(STORED DATA Opens)
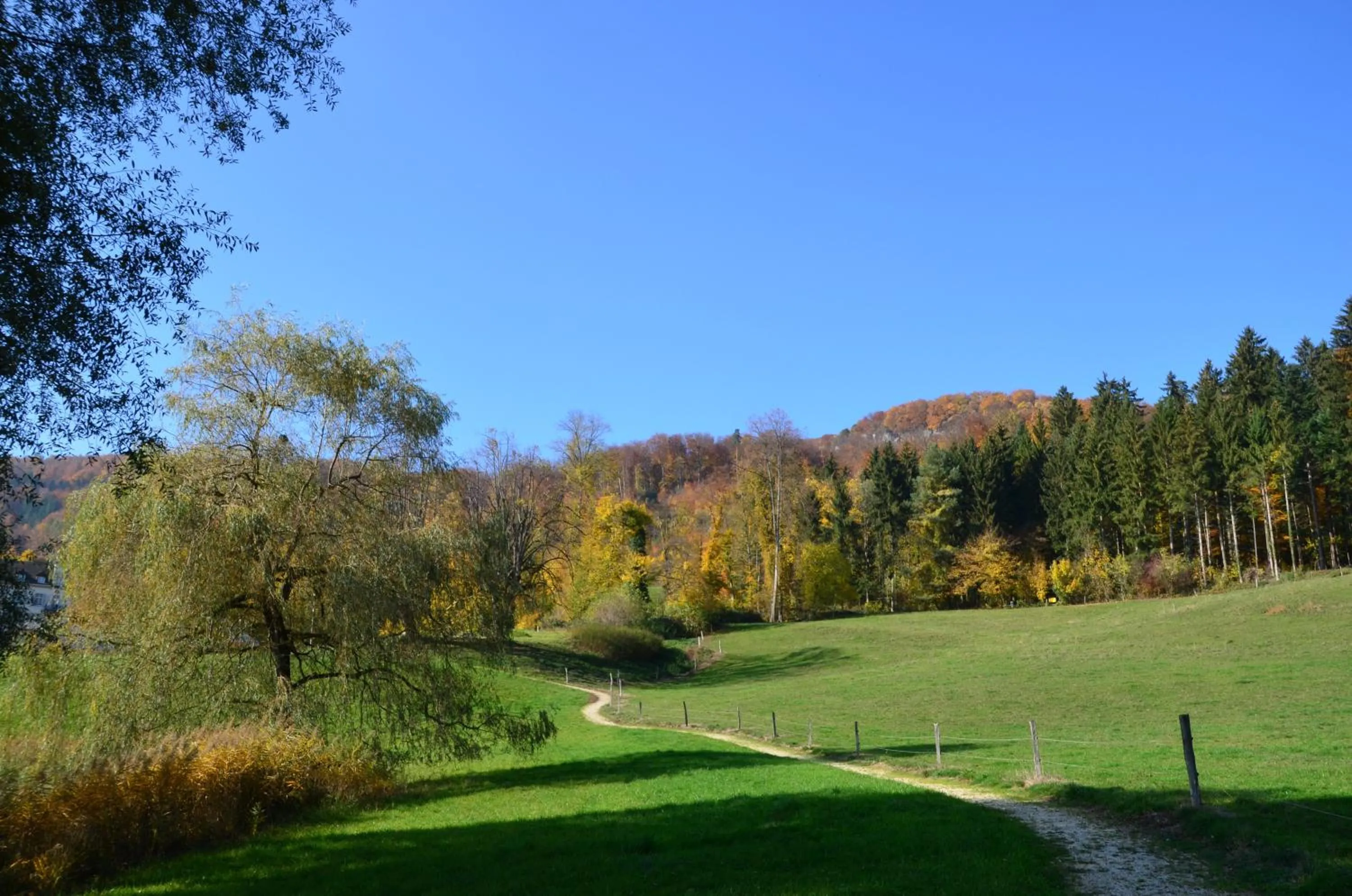 Day in Bad Schauenburg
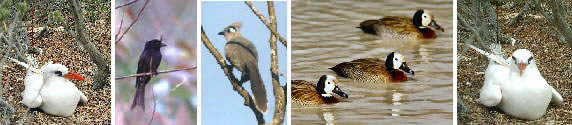 Madagascar Ifaty spiny forest for Birdwatching passionate people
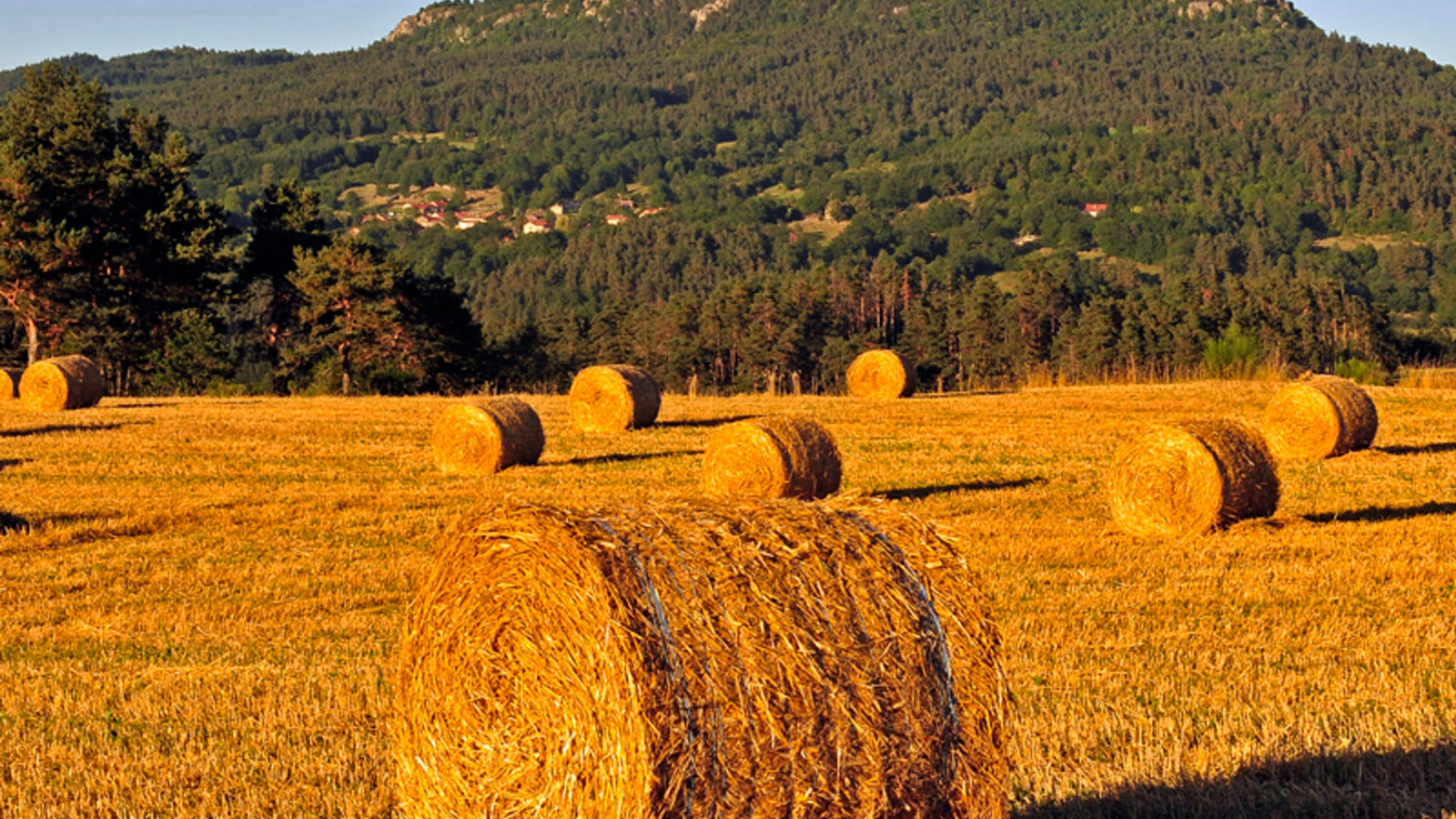 Le plateau de la Madeleine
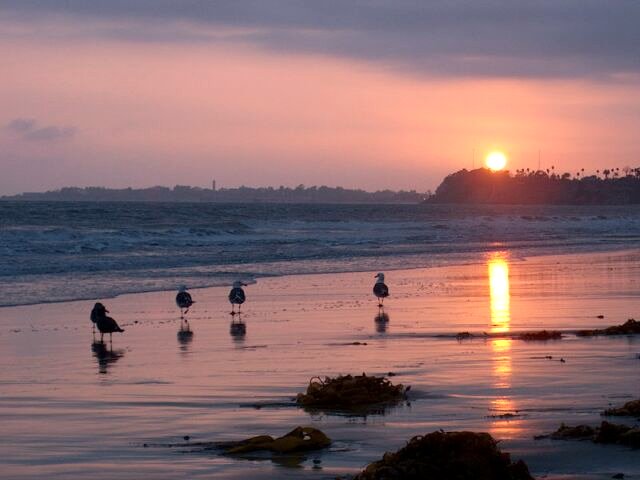 Sunset on the beach. Santa Barbara CA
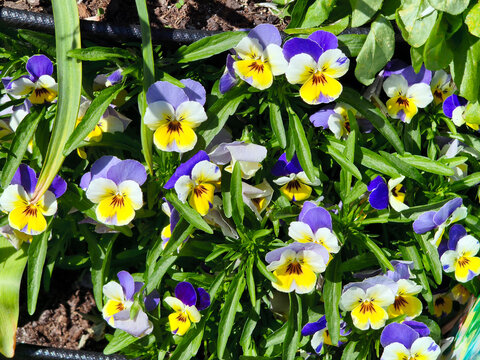 Violets.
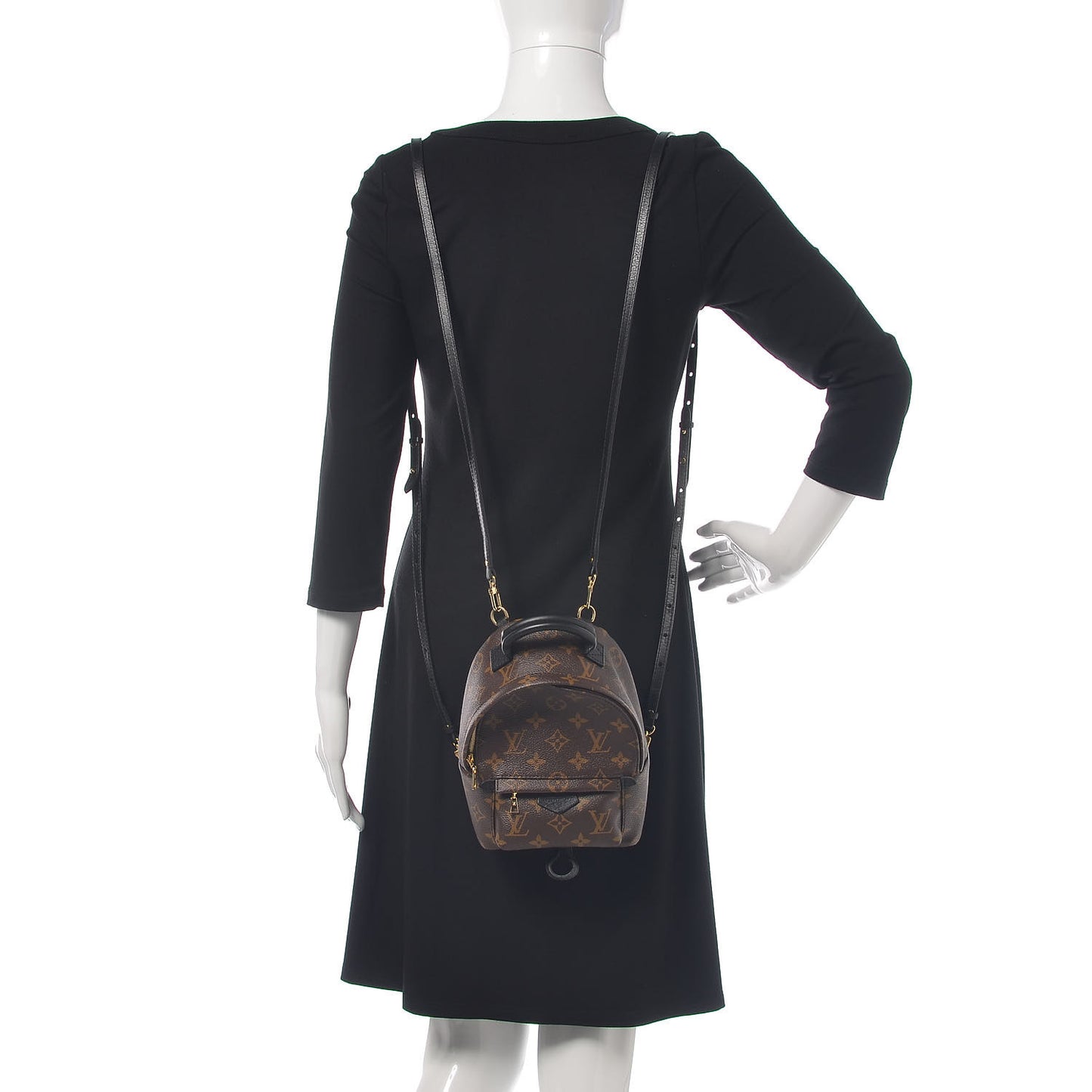 Monogram Palm Springs Backpack Mini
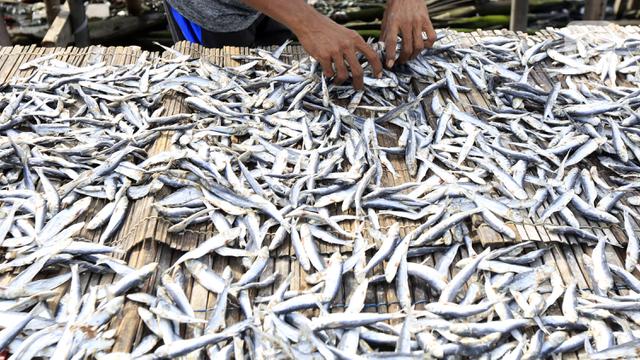 FOTO: Produksi Olahan Ikan Asin Menurun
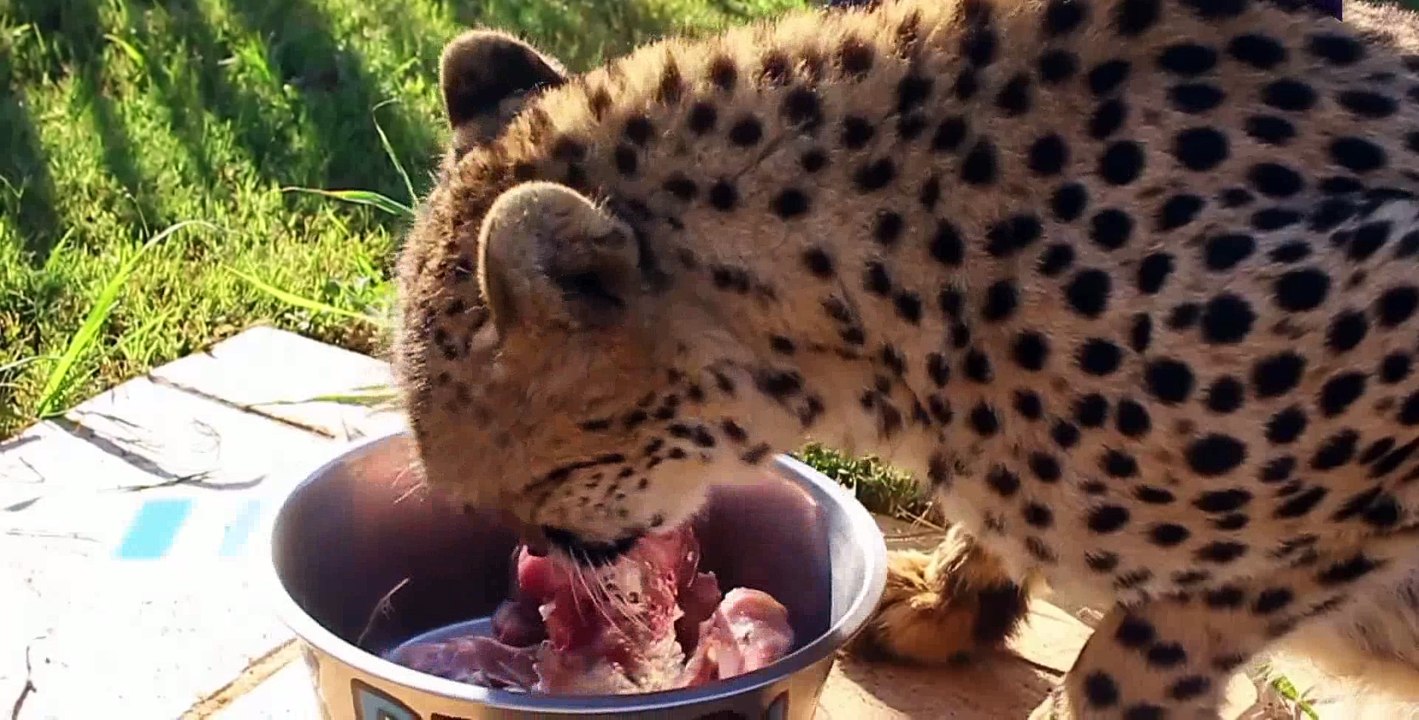 Cheetah love  a race for survival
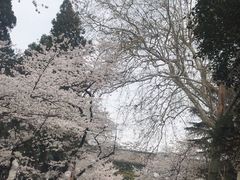 -武汉大学-樱园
(STORED DATA Closes)
# ACTIVITY
Your answer must consist only of the lines from the one containing "Sunset on the beach. Santa Barbara CA" through the end of the entries, restated word for word, with no pictures.

# RESPONSE AREA
 Sunset on the beach. Santa Barbara CA
 Violets.
 Monogram Palm Springs Backpack Mini
 FOTO: Produksi Olahan Ikan Asin Menurun
 Cheetah love  a race for survival
 -武汉大学-樱园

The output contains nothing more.